All at once, without warning, the swirling mist intensified into a white-out fog. Alarmed, I froze in mid-step and called to the others to stop …even in dream I remember noting how flat and muffled my voice sounded. And then, like the clouds of moisture-laden air that wander amidst the deep gorges of Sohra and Pynursla, the dense fog magically thinned into great billowing columns that parted like pearly curtains and evaporated into blue nothingness, and I found myself bathed in brilliant sunshine, and that’s when I realized two things:

One: I was no longer with my group in Mehrauli but standing alone, utterly alone on a vast, treeless sweeping slope strewn with scree, surrounded by incredibly tall snow-streaked mountains;

Two: I knew for sure I had never stood on that slope or ever seen those mountains in my life, yet I knew I had been there before, experienced that experience before…just as I knew exactly and fully what I would think and see and  hear and smell and taste and feel at the very next moment and at every moment from then onward, for ever and ever…

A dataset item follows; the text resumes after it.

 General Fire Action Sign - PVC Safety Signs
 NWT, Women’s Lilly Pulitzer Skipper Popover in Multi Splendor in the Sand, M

…And that’s when, even as I clutched on to that timeless déjà vu, it slipped away and vanished with the growing awareness that I must be in the coils of dream, because there was no way in which I, a heritage walk mentor, could have transported myself from Mehrauli in south Delhi to what appeared to be a steep mountain-side amidst the high Himalayas…leave alone experience déjà vu in that desolate place. And with that awareness that I was dreaming came a tidal wave of terror that I might awaken to find myself not the historian/heritage walk mentor that I actually was, but as someone else…perhaps even as a decrepit old writer lying in bed in east Delhi. And at that thought a great abyss of dread opened up deep within my mind as the tidal wave tossed and turned me hither and thither and eventually flung me, battered and bruised, on to the shores of consciousness where I lay trembling, awake at last.

How could I possibly have dreamed such a dream, in which I was not only someone else but had actually experienced déjà vu as that someone else?

I have no answers; only questions, that sound so demented I am almost too scared to voice them.

Yet I must.

Have the global clouds of angst and anxiety, spawned by Covid-19, finally overcome my cerebral defences? Do they now wait, like monsoon clouds in their brooding and silent enormity, to pour forth their giga-tonnes of fluid insanity and wash away what remains of my cognition in a raging neural flood?  

Have I waded for too long in the limpid pool of Mann Ki Baat, to now be flushed away and drowned in the foaming toilet of Monsoon ki Bath? 

Have I finally achieved the position grimly foretold for me by my class 2 teacher, and become quietly yet indubitably insane?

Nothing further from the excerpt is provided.